**Data records**
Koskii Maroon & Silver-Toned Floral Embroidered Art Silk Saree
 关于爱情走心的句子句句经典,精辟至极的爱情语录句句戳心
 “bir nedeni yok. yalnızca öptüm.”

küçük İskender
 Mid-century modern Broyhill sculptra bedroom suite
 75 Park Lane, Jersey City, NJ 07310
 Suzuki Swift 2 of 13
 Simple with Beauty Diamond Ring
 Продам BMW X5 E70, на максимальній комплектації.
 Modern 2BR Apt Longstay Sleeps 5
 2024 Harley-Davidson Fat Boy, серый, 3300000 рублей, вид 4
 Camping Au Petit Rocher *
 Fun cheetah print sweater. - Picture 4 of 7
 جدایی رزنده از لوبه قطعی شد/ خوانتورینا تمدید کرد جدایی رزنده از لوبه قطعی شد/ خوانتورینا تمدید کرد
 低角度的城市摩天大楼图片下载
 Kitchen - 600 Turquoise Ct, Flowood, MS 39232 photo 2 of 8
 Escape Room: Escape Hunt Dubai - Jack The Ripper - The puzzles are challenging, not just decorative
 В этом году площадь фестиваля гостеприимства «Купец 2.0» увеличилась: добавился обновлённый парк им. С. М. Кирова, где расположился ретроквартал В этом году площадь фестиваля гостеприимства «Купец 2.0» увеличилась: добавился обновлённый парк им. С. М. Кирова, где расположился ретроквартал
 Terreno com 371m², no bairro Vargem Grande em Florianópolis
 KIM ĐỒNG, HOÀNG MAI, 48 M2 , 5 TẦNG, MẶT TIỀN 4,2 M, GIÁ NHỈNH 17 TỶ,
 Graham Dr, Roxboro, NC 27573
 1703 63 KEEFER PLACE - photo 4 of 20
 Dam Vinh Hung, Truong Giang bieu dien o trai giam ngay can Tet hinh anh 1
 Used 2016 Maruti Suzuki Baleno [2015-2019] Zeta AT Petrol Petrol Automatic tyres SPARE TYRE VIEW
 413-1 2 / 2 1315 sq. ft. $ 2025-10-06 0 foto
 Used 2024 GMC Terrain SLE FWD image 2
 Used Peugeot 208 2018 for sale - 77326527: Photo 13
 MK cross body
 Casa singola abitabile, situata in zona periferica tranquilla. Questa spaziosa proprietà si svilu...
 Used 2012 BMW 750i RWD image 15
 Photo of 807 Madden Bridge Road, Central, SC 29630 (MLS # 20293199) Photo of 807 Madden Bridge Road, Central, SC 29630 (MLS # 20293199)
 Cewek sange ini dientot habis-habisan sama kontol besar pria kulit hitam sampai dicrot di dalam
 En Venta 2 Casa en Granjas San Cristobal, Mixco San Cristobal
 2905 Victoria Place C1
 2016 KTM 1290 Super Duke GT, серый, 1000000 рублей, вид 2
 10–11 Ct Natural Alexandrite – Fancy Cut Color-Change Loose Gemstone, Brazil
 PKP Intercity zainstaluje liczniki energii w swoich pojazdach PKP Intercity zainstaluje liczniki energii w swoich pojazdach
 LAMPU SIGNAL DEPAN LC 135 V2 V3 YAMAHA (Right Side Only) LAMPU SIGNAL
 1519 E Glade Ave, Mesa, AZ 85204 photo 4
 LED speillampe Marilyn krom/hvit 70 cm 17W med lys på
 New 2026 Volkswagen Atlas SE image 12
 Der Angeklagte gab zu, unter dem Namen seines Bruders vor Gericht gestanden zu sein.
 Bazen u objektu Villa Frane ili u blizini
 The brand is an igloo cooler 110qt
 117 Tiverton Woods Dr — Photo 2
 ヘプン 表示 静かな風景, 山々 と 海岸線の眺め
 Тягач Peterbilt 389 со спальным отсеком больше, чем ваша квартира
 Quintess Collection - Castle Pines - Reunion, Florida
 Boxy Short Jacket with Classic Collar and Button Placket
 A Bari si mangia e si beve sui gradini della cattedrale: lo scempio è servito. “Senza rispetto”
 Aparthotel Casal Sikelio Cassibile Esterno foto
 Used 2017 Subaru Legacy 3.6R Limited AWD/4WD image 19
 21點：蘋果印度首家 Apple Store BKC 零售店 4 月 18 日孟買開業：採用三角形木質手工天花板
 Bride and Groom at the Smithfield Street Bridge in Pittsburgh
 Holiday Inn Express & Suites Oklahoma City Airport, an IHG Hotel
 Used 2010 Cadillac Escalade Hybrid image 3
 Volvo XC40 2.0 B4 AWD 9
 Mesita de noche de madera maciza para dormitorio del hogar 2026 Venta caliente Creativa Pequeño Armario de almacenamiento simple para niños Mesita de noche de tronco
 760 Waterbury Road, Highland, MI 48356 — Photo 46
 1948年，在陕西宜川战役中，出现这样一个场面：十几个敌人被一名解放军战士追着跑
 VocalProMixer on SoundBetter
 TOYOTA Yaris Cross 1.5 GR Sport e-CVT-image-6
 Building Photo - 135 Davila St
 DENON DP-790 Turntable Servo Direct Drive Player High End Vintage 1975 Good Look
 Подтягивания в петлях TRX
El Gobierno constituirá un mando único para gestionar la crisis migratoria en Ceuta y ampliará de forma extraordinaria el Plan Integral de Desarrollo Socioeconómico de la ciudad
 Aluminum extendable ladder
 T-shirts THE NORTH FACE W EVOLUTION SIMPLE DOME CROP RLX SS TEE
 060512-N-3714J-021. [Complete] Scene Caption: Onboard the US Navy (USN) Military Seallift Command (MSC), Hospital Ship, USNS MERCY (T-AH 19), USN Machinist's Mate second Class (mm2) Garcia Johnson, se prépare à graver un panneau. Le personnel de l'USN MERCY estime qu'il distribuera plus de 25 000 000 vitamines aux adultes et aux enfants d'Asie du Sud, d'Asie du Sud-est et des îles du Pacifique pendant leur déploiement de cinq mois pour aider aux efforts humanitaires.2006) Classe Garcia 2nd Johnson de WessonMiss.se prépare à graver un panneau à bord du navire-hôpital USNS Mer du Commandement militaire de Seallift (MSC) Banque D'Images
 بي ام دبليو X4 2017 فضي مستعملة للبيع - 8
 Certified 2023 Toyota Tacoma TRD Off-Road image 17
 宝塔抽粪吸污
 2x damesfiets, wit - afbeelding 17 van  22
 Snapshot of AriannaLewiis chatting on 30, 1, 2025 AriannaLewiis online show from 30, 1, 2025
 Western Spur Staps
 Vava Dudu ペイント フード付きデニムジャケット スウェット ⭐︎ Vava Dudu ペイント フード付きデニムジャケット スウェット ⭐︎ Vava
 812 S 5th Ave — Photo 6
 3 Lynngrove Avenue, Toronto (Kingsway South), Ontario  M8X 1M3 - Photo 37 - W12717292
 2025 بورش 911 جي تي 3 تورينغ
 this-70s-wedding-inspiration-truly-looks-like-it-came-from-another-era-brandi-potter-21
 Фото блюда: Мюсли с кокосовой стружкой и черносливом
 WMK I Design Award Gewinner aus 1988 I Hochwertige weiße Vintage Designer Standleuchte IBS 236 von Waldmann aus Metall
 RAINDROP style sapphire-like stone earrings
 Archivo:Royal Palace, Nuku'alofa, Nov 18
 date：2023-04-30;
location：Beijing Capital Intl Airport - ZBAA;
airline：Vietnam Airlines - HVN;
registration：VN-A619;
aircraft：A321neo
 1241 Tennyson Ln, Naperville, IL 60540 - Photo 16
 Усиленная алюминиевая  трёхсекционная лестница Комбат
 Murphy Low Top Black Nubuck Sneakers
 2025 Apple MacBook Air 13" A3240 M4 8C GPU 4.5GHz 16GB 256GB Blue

**Exercise instructions**
After reading through the records, retype all of them exactly.

**Output below**
Koskii Maroon & Silver-Toned Floral Embroidered Art Silk Saree
 关于爱情走心的句子句句经典,精辟至极的爱情语录句句戳心
 “bir nedeni yok. yalnızca öptüm.”

küçük İskender
 Mid-century modern Broyhill sculptra bedroom suite
 75 Park Lane, Jersey City, NJ 07310
 Suzuki Swift 2 of 13
 Simple with Beauty Diamond Ring
 Продам BMW X5 E70, на максимальній комплектації.
 Modern 2BR Apt Longstay Sleeps 5
 2024 Harley-Davidson Fat Boy, серый, 3300000 рублей, вид 4
 Camping Au Petit Rocher *
 Fun cheetah print sweater. - Picture 4 of 7
 جدایی رزنده از لوبه قطعی شد/ خوانتورینا تمدید کرد جدایی رزنده از لوبه قطعی شد/ خوانتورینا تمدید کرد
 低角度的城市摩天大楼图片下载
 Kitchen - 600 Turquoise Ct, Flowood, MS 39232 photo 2 of 8
 Escape Room: Escape Hunt Dubai - Jack The Ripper - The puzzles are challenging, not just decorative
 В этом году площадь фестиваля гостеприимства «Купец 2.0» увеличилась: добавился обновлённый парк им. С. М. Кирова, где расположился ретроквартал В этом году площадь фестиваля гостеприимства «Купец 2.0» увеличилась: добавился обновлённый парк им. С. М. Кирова, где расположился ретроквартал
 Terreno com 371m², no bairro Vargem Grande em Florianópolis
 KIM ĐỒNG, HOÀNG MAI, 48 M2 , 5 TẦNG, MẶT TIỀN 4,2 M, GIÁ NHỈNH 17 TỶ,
 Graham Dr, Roxboro, NC 27573
 1703 63 KEEFER PLACE - photo 4 of 20
 Dam Vinh Hung, Truong Giang bieu dien o trai giam ngay can Tet hinh anh 1
 Used 2016 Maruti Suzuki Baleno [2015-2019] Zeta AT Petrol Petrol Automatic tyres SPARE TYRE VIEW
 413-1 2 / 2 1315 sq. ft. $ 2025-10-06 0 foto
 Used 2024 GMC Terrain SLE FWD image 2
 Used Peugeot 208 2018 for sale - 77326527: Photo 13
 MK cross body
 Casa singola abitabile, situata in zona periferica tranquilla. Questa spaziosa proprietà si svilu...
 Used 2012 BMW 750i RWD image 15
 Photo of 807 Madden Bridge Road, Central, SC 29630 (MLS # 20293199) Photo of 807 Madden Bridge Road, Central, SC 29630 (MLS # 20293199)
 Cewek sange ini dientot habis-habisan sama kontol besar pria kulit hitam sampai dicrot di dalam
 En Venta 2 Casa en Granjas San Cristobal, Mixco San Cristobal
 2905 Victoria Place C1
 2016 KTM 1290 Super Duke GT, серый, 1000000 рублей, вид 2
 10–11 Ct Natural Alexandrite – Fancy Cut Color-Change Loose Gemstone, Brazil
 PKP Intercity zainstaluje liczniki energii w swoich pojazdach PKP Intercity zainstaluje liczniki energii w swoich pojazdach
 LAMPU SIGNAL DEPAN LC 135 V2 V3 YAMAHA (Right Side Only) LAMPU SIGNAL
 1519 E Glade Ave, Mesa, AZ 85204 photo 4
 LED speillampe Marilyn krom/hvit 70 cm 17W med lys på
 New 2026 Volkswagen Atlas SE image 12
 Der Angeklagte gab zu, unter dem Namen seines Bruders vor Gericht gestanden zu sein.
 Bazen u objektu Villa Frane ili u blizini
 The brand is an igloo cooler 110qt
 117 Tiverton Woods Dr — Photo 2
 ヘプン 表示 静かな風景, 山々 と 海岸線の眺め
 Тягач Peterbilt 389 со спальным отсеком больше, чем ваша квартира
 Quintess Collection - Castle Pines - Reunion, Florida
 Boxy Short Jacket with Classic Collar and Button Placket
 A Bari si mangia e si beve sui gradini della cattedrale: lo scempio è servito. “Senza rispetto”
 Aparthotel Casal Sikelio Cassibile Esterno foto
 Used 2017 Subaru Legacy 3.6R Limited AWD/4WD image 19
 21點：蘋果印度首家 Apple Store BKC 零售店 4 月 18 日孟買開業：採用三角形木質手工天花板
 Bride and Groom at the Smithfield Street Bridge in Pittsburgh
 Holiday Inn Express & Suites Oklahoma City Airport, an IHG Hotel
 Used 2010 Cadillac Escalade Hybrid image 3
 Volvo XC40 2.0 B4 AWD 9
 Mesita de noche de madera maciza para dormitorio del hogar 2026 Venta caliente Creativa Pequeño Armario de almacenamiento simple para niños Mesita de noche de tronco
 760 Waterbury Road, Highland, MI 48356 — Photo 46
 1948年，在陕西宜川战役中，出现这样一个场面：十几个敌人被一名解放军战士追着跑
 VocalProMixer on SoundBetter
 TOYOTA Yaris Cross 1.5 GR Sport e-CVT-image-6
 Building Photo - 135 Davila St
 DENON DP-790 Turntable Servo Direct Drive Player High End Vintage 1975 Good Look
 Подтягивания в петлях TRX
El Gobierno constituirá un mando único para gestionar la crisis migratoria en Ceuta y ampliará de forma extraordinaria el Plan Integral de Desarrollo Socioeconómico de la ciudad
 Aluminum extendable ladder
 T-shirts THE NORTH FACE W EVOLUTION SIMPLE DOME CROP RLX SS TEE
 060512-N-3714J-021. [Complete] Scene Caption: Onboard the US Navy (USN) Military Seallift Command (MSC), Hospital Ship, USNS MERCY (T-AH 19), USN Machinist's Mate second Class (mm2) Garcia Johnson, se prépare à graver un panneau. Le personnel de l'USN MERCY estime qu'il distribuera plus de 25 000 000 vitamines aux adultes et aux enfants d'Asie du Sud, d'Asie du Sud-est et des îles du Pacifique pendant leur déploiement de cinq mois pour aider aux efforts humanitaires.2006) Classe Garcia 2nd Johnson de WessonMiss.se prépare à graver un panneau à bord du navire-hôpital USNS Mer du Commandement militaire de Seallift (MSC) Banque D'Images
 بي ام دبليو X4 2017 فضي مستعملة للبيع - 8
 Certified 2023 Toyota Tacoma TRD Off-Road image 17
 宝塔抽粪吸污
 2x damesfiets, wit - afbeelding 17 van  22
 Snapshot of AriannaLewiis chatting on 30, 1, 2025 AriannaLewiis online show from 30, 1, 2025
 Western Spur Staps
 Vava Dudu ペイント フード付きデニムジャケット スウェット ⭐︎ Vava Dudu ペイント フード付きデニムジャケット スウェット ⭐︎ Vava
 812 S 5th Ave — Photo 6
 3 Lynngrove Avenue, Toronto (Kingsway South), Ontario  M8X 1M3 - Photo 37 - W12717292
 2025 بورش 911 جي تي 3 تورينغ
 this-70s-wedding-inspiration-truly-looks-like-it-came-from-another-era-brandi-potter-21
 Фото блюда: Мюсли с кокосовой стружкой и черносливом
 WMK I Design Award Gewinner aus 1988 I Hochwertige weiße Vintage Designer Standleuchte IBS 236 von Waldmann aus Metall
 RAINDROP style sapphire-like stone earrings
 Archivo:Royal Palace, Nuku'alofa, Nov 18
 date：2023-04-30;
location：Beijing Capital Intl Airport - ZBAA;
airline：Vietnam Airlines - HVN;
registration：VN-A619;
aircraft：A321neo
 1241 Tennyson Ln, Naperville, IL 60540 - Photo 16
 Усиленная алюминиевая  трёхсекционная лестница Комбат
 Murphy Low Top Black Nubuck Sneakers
 2025 Apple MacBook Air 13" A3240 M4 8C GPU 4.5GHz 16GB 256GB Blue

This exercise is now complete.